The Lawyer is back from secondment hell, and is preparing a huge expenses claim for all the legal books he’s had to buy to help him through it. It started on the first morning, when one of the partners of the firm where he’s been working for the past month popped his head round the door and asked: “Mind if I have a quick chat?”

He sidled in, closing the door behind him. The Lawyer had a presentiment of doom. Sure enough, it was: “My wife’s thrown me out. I think I need some legal advice, old chap.” Within five minutes he had his head down sobbing on the desk, and by 11am, when the Lawyer generally likes to stop for a swift Kit-Kat and a gander at the footie section, he had him cradled in his arms, whispering: “You will keep the house. You will keep the house.”

Ashen-faced, he escaped for lunch, only to find himself buttonholed in the pudding queue at the canteen. “You’re that locum lawyer, aren’t you? Know anything about party hedges?” To which the Lawyer’s normal response is to scream “Fire! My God!
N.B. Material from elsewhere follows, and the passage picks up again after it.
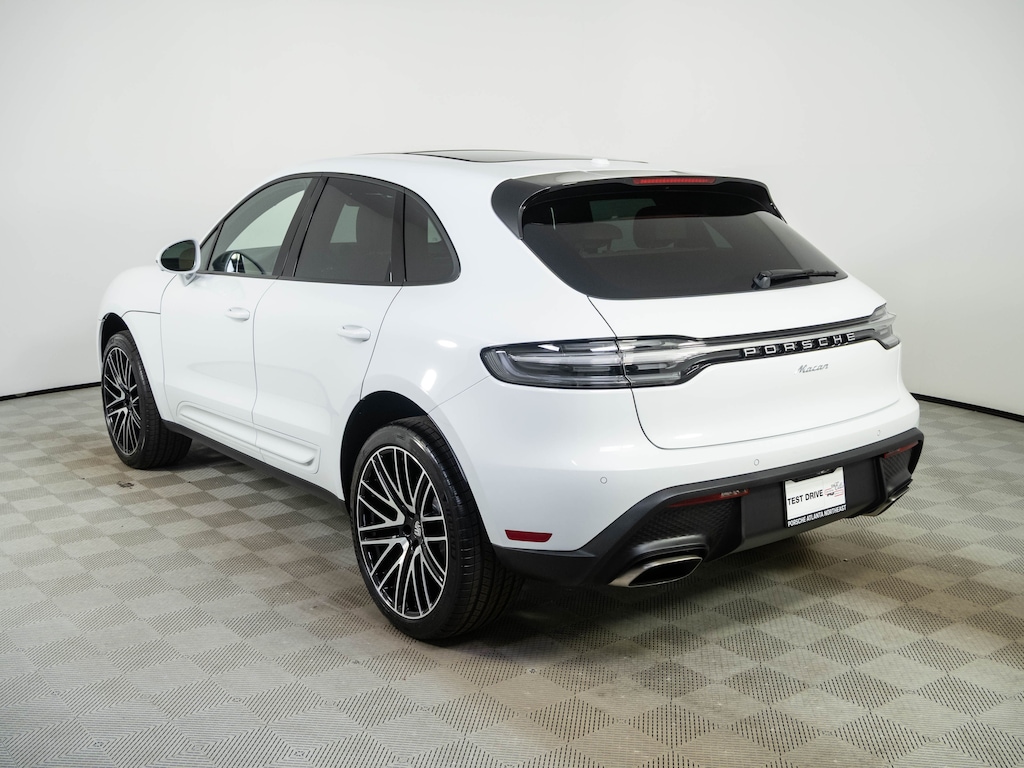 New 2026 Porsche Macan T SUV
Women and children are burning alive in there!” and make a dash for the nearest exit, leaving his vol-au-vent, theatre programme, binoculars or whatever he’s clutching hanging in mid-air.
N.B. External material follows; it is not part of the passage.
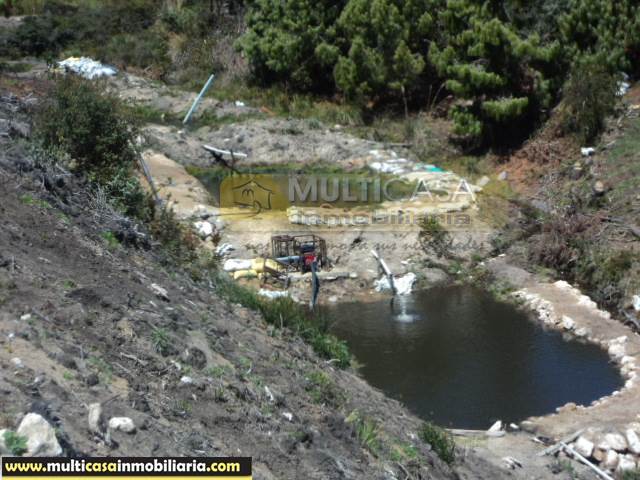 Quinta en Venta a Crédito Sector La Paz Cuenca-Ecuador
But because he was stranded at the client’s mercy on a business park outside Bracknell he had to digest a 10ft high row of Leylandii (and a detailed discussion of who gets to wield the chainsaw on it) along with his treacle tart and custard, and only got away by promising to look up the Party Walls Act as soon as he got back to his bookcase. By the end of the first week he had agreed to wind up two estates; arranged a discreet period of gardening leave for the marketing manager, who had carelessly left an envelope of white powder on his desk which, oddly enough, turned out to be coffee sweetener; counselled the MD’s chauffeur on his upcoming court appearance; and had even drawn up a surrogacy agreement for the director of finance, who smuggled the prospective mother into the offices as a management consultant. As she was eight-months pregnant, pushing a double buggy filled with shopping and clutching two toddlers by the hand, it wasn’t that convincing.

It all meant late nights for the Lawyer, who was expected to keep up the billing while on secondment. Lunchtimes were spent at the bookshop in town, buying all the basic law books he hasn’t had to look at since the first year at Oxford.

Meanwhile, I was organising a party for 30 three-year-olds and all their parents, who do tend to hang around rather, unlike parents of older kids, who realise they’ve got a good five hours before they have to take charge again and nip off to the matinee of The Sixth Sense while they’ve got the chance. Liability, whose birthday it was, missed her daddy very much, and he had to read Happy Birthday Maisy eight times before she got off to sleep on the Friday when he eventually returned, lawyered to death.

“Why can’t they make pop-up legal books?” he asked, while I packed away all the new tomes he had bought, and amused himself with pulling tabs and opening flaps. “You know, that could be a great idea…” “How’s the novel going?” I asked quickly, to forestall him, but he had already seized the children’s scissors and art paper and was cutting out the prototype of Divorce for Professionals: How to Keep It All. I hate to think where we’re going from here.